Optimal strategy under statistical uncertainty - unsteady markets - page 2

 
TheXpert писал(а) >>

Yes, if there is an edge, then the right side will fall out more often.

Hence we have a similar algorithm for trading systems of which we do not know in advance if they are losing or profitable, but we know in advance that they will either lose more of the spread or

they will profit

- If the previous trade signal resulted in a loss, the next position must be opened against the previous interpretation of the trade signal

- If previous trade signal resulted in profit, the next position shall be opened against the previous trade signal interpretation.

 
Reshetov >> :

Hence we have a similar algorithm for trading systems of which we do not know in advance whether they are losing or profitable, but we know in advance that they will either lose more of the spread or take a profit.

- If the previous trade signal resulted in a loss, the next position should be opened against the previous trade signal interpretation

- If the previous trade signal resulted in a profit, the next position must be opened in the same way as in the previous interpretation of the trade signal

There are nuances, namely, the size of the spread.
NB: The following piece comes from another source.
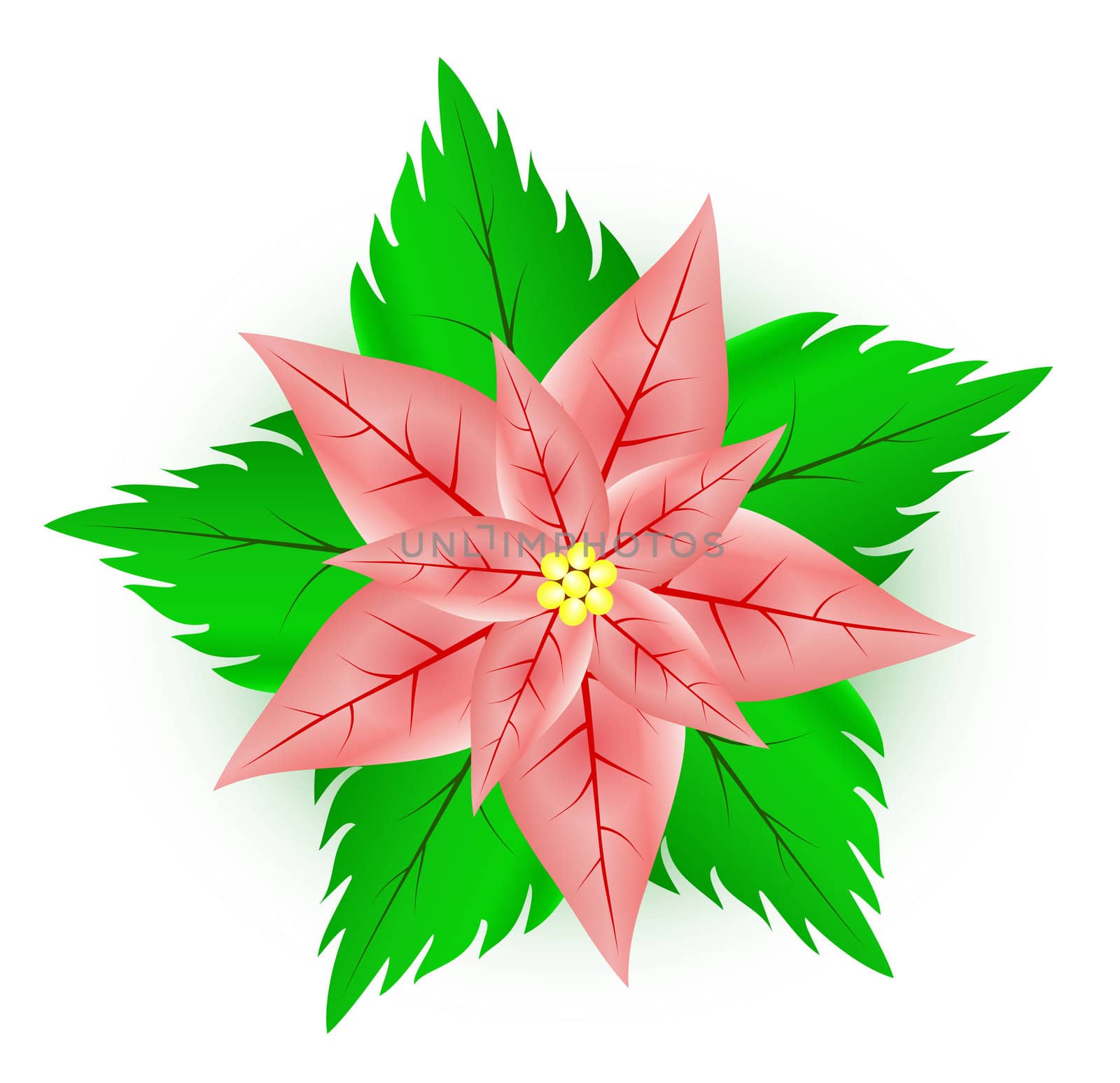 Illustration of a  poinsettia flower which is used in Christmas decoration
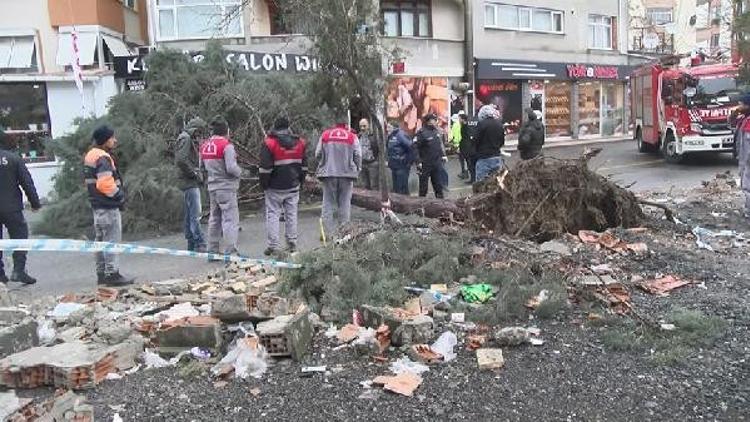 Ümraniye'de fırtına ağaç devirdi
The point is that the smaller the spread, the smaller the profit on such a strategy will be. Therefore, even the spread may be insufficient.

So better still to test on history and identify the side :)

 

The yield is very low. But it is positive, yes.

 
TheXpert >> :

There are nuances -- namely the size of the spread.

it's got nothing to do with spread size... he'll make a bet on the whole deposit and he'll get out of the market... because it's easy to fall 2 or 3 times in a row on the "not heavy" side... depending on how un-heavy it is...

 
TheXpert >> :

There are nuances -- namely the size of the spread. The point is that profits from such a strategy will be smaller the smaller the spread is. That is why we may not have enough energy even for the spread.

So it's better to test it on history and define the side :)

I mentioned about spread.


And what about testing on history, we've seen many times that the test gives one thing, and then the market turns and the opposite happens. For example, TS for a rebound from channels. We have tested it on history, obtained an amazing profit. When we set it on the real account, the sideways loop finishes, the trends start reversing and we need to trade on the opposite direction, i.e. channel breakthrough because the system fucks up.


Thus, we do not know in advance how to interpret signals unambiguously in order to maximize the probability of response.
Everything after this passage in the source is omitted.